(What you have to do) If a line in the material below has the word "都要追求價值", copy it.
====================
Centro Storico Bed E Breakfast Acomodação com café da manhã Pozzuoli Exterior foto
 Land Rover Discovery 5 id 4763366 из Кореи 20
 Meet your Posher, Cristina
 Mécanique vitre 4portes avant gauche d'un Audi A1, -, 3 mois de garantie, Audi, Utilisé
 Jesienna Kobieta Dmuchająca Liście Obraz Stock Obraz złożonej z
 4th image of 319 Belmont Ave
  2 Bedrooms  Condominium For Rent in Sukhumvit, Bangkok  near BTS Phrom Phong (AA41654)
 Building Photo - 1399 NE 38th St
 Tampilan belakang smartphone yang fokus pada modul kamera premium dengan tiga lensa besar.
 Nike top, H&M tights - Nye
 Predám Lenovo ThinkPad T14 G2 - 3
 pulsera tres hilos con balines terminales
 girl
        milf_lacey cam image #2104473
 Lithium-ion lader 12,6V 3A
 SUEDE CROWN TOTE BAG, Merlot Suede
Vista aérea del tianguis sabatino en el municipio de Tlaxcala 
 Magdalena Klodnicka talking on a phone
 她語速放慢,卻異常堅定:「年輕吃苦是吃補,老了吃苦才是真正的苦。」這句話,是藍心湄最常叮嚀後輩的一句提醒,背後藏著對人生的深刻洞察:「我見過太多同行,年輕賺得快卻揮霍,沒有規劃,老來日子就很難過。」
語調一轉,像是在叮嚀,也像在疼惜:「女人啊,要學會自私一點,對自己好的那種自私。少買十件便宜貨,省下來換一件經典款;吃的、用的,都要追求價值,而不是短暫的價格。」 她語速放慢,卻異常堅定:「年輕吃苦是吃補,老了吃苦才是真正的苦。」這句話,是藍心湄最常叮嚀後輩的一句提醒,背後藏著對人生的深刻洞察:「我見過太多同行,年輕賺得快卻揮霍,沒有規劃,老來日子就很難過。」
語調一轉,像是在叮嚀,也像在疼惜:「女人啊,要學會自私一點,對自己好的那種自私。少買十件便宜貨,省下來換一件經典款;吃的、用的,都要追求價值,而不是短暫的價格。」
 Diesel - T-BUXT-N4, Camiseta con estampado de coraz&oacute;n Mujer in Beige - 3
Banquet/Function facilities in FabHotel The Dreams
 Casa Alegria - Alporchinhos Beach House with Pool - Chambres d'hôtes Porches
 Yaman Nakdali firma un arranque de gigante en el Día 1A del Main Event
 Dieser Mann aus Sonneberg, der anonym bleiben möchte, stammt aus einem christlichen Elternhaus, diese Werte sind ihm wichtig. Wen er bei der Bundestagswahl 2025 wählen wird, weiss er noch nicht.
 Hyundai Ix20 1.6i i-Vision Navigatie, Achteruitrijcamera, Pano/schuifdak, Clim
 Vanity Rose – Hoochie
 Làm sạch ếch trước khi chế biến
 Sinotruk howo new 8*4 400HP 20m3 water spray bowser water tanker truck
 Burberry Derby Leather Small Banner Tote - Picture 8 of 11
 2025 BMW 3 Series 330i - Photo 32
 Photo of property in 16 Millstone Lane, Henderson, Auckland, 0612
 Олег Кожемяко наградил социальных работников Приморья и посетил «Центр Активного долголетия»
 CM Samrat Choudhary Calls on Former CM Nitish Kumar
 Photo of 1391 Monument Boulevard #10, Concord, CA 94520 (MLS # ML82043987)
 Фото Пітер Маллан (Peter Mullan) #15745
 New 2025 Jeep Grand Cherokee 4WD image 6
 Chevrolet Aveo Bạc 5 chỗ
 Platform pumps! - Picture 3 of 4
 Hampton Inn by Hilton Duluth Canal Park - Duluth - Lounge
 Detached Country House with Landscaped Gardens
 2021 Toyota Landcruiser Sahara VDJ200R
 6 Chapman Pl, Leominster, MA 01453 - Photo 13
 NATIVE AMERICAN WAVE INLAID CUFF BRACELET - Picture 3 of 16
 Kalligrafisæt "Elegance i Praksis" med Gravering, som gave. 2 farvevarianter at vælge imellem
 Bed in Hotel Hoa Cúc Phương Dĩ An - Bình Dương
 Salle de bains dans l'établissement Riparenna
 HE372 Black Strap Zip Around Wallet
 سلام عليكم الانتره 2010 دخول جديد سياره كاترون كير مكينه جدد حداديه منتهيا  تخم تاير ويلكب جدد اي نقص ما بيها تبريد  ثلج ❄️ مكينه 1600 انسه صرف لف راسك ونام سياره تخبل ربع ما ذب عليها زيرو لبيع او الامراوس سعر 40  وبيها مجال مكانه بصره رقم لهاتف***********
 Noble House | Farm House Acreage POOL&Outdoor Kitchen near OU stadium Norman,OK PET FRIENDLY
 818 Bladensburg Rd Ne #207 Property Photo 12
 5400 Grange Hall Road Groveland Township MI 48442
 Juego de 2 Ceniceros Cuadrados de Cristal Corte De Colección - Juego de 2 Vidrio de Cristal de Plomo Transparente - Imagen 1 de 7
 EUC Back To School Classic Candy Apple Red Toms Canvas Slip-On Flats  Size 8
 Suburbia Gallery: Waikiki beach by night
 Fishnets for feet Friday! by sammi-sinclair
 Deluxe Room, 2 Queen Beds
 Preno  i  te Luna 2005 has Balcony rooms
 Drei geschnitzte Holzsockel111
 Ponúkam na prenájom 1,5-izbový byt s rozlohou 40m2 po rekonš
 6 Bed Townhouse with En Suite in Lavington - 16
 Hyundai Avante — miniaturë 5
====================
(Final answer)
語調一轉,像是在叮嚀,也像在疼惜:「女人啊,要學會自私一點,對自己好的那種自私。少買十件便宜貨,省下來換一件經典款;吃的、用的,都要追求價值,而不是短暫的價格。」 她語速放慢,卻異常堅定:「年輕吃苦是吃補,老了吃苦才是真正的苦。」這句話,是藍心湄最常叮嚀後輩的一句提醒,背後藏著對人生的深刻洞察:「我見過太多同行,年輕賺得快卻揮霍,沒有規劃,老來日子就很難過。」
語調一轉,像是在叮嚀,也像在疼惜:「女人啊,要學會自私一點,對自己好的那種自私。少買十件便宜貨,省下來換一件經典款;吃的、用的,都要追求價值,而不是短暫的價格。」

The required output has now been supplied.